Stephen Smith's Blog

Musings on Machine Learning…

Posts Tagged ‘risc-v

RISC Instruction Encoding

with one comment

Introduction

Modern microprocessors execute programs from memory that are formatted specifically for the processor and the instructions it is capable of executing. This machine code is generated by tools, either fairly directly from Assembly Language source code or via a compiler that translates a high level language to machine code. There are two popular philosophies on how machine code is structured.  One is Reduced Instruction Set Computers (RISC) exemplified by ARM, RISC-V, PowerPC and MIPs processors, and the other is Complex Instruction Set Computers (CISC) exemplified by Intel and AMD processors. In RISC computers, each instruction is quite small and does a tiny bit of work, in CISC computers the instructions tend to be larger and each one does more work. The advantage of RISC processors is that the circuitry is simpler which means they use less power, this is why nearly all mobile devices use RISC processors. In this article we will be looking at some of the tricks RISC computers use to keep their instructions small and quick.

32-Bit Instructions

Most RISC processors use 32-bit machine code instructions. It doesn’t matter if the processor is 32-bit or 64-bits, this only refers to the size of pointers for memory addressing and the size of the registers, in both cases the instructions stay at 32-bits in length. With all rules there are exceptions, for instance in RISC-V processors most instructions are 32-bit, but there is a facility to allow longer instructions where necessary and in ARM processors, in 32-bit mode, there is the ability to limit instructions to 16-bits in length. Modern processors are very powerful and have a lot of functionality, so how do they encode all the information needed for an instruction into 32-bits? This restriction imposes a lot of discipline on the instruction set designers, but the solutions they have come up with are quite interesting. In comparison, Intel x86 instructions are variable length and often 120 bits in length.
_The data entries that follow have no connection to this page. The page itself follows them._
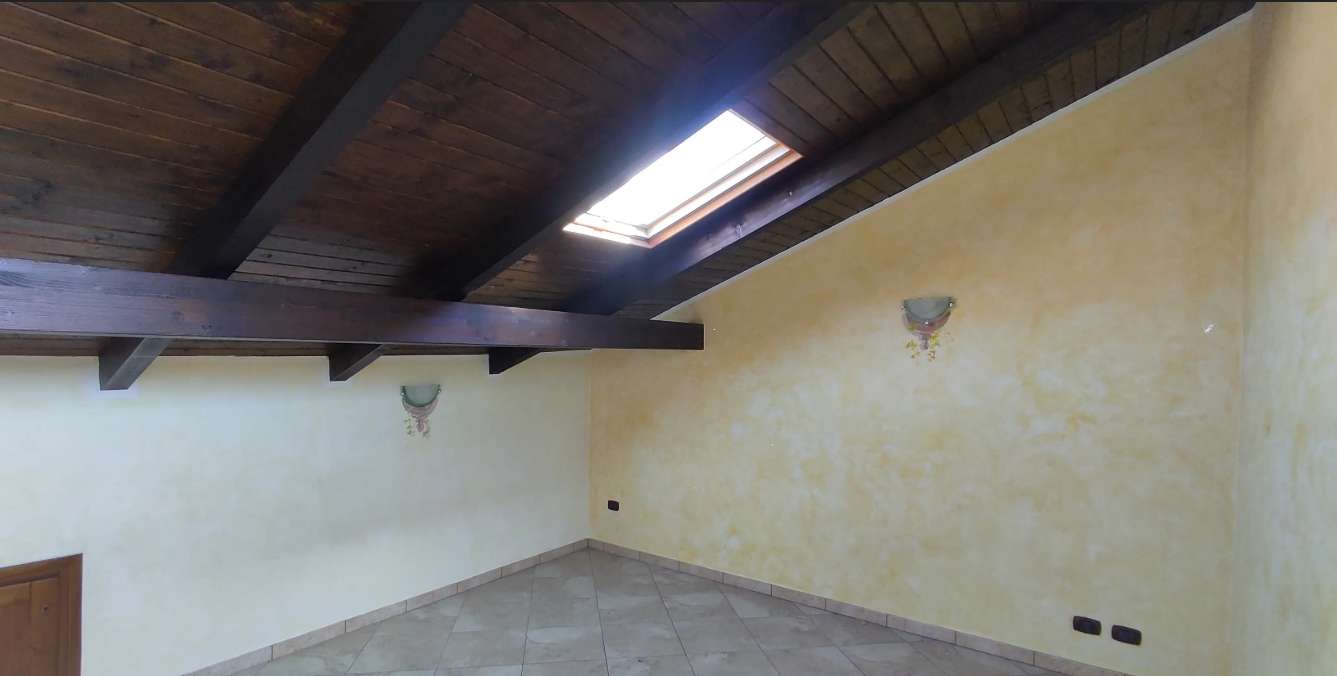  - foto 15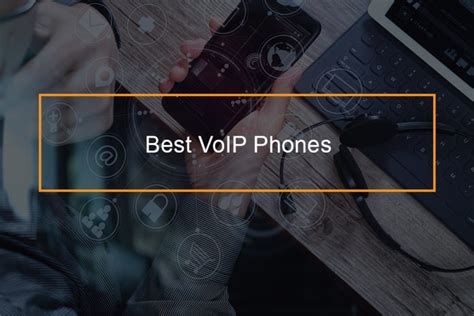 What is the best VoIP phone system? - FlashMob Computing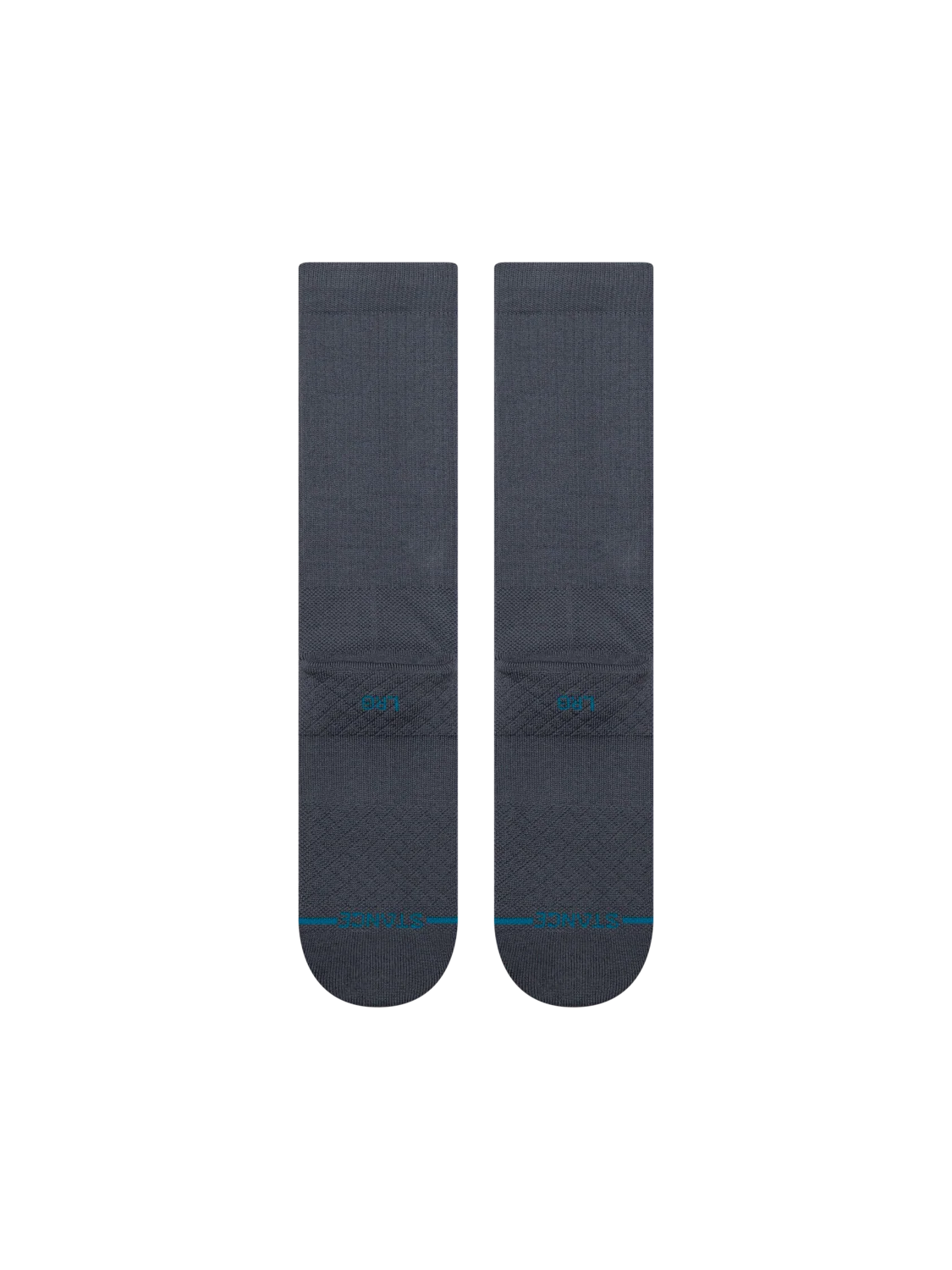 SIGNATURE CREW SOCK TURBULENCE TURBULENCE Bild 3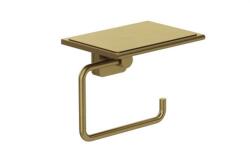 Kludi 25971N0 Vela S Gold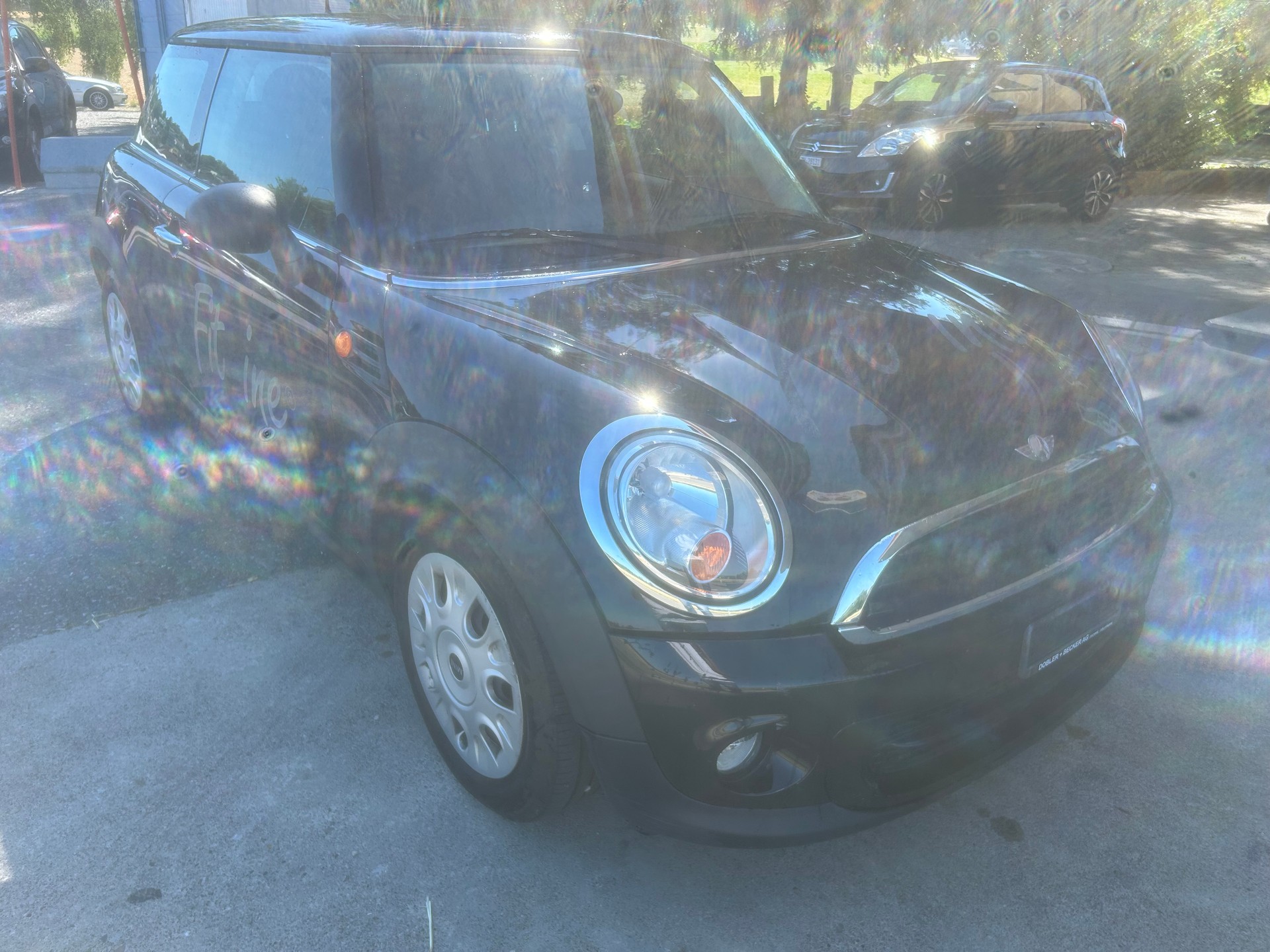 MINI One-image-1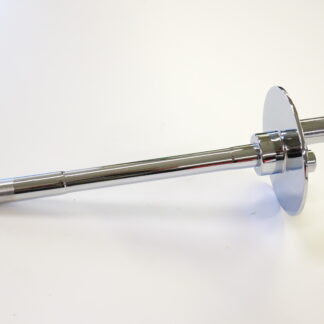 Wałek kardana, kardanwelle BMW R35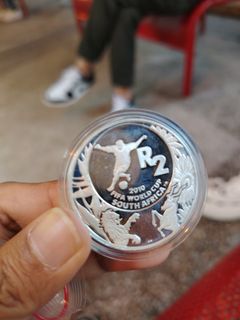（分類：）位於 。 由 aciwijaya 提交（商品編號 1426694137，圖片 1）。簡介： 。
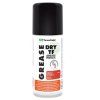 Schmiermittelspray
Having all the instructions 32-bits in length makes creating an efficient execution pipeline very efficient, since you can load and start working on a set of instructions in parallel. You don’t need to decode one instruction to learn where the next one starts. You know there is a new instruction every 4-bytes in memory. This uniformity saves a lot of complexity and greatly enhances instruction execution throughput.

Where Do the Bits Go?

What needs to be encoded in a machine language instruction? Here are some of the possible components:

  1. The opcode. This tells the processor what the instruction does, whether its add two numbers, load data from memory or jump to another program location. If the opcode takes 8-bits then there are 256 possible instructions. To really save space some opcodes can be less bits, like perhaps if it start 011 then the other bits can go to the immediate value.
  2. Registers. Microprocessors load data into registers and then process the data in the registers. Often two or three registers need to be specified in an instruction, like the two numbers to add and then where to put the result. If there are 32 registers, then each register field will take 5-bits.
  3. Immediate data. Most processors have a way to encode some data in an instruction. Like “LOAD R1, 5” might mean load the value 5 into register R1. Here 5 is data encoded in the instruction, and called an immediate value. The size of these varies based on the instruction and use cases.
  4. Memory Addresses. Data has to be loaded from memory, or program execution has to jump to a different memory location. Note that in a modern computer memory addresses are either 32-bit or 64-bits. These are both too big to fit in a 32-bit instruction (we need at least an opcode as well). In RISC, how do we specify memory addresses?
  5. Bits for additional parameters. Perhaps there are several addressing modes, or perhaps other options for an instruction that need to be encoded. Often there are a few bits in each instruction for this purpose.

 

That’s a lot of information to pack into a 32-bit instruction. How do they do it? My introduction to Raspberry Pi Assembly Language shows how this is done for ARM processors in 32-bit mode.

How to Load a Register

Let’s look at how to load a 32-bit register with data. We can’t fit a full 32-bit value inside a 32-bit instruction, so what do we do? You might suggest that we load the value from memory rather than encode the value in the instruction. This is a legitimate thing to do, but it just moves the problem since we now need to load the 32 or 64-bit memory address into memory first.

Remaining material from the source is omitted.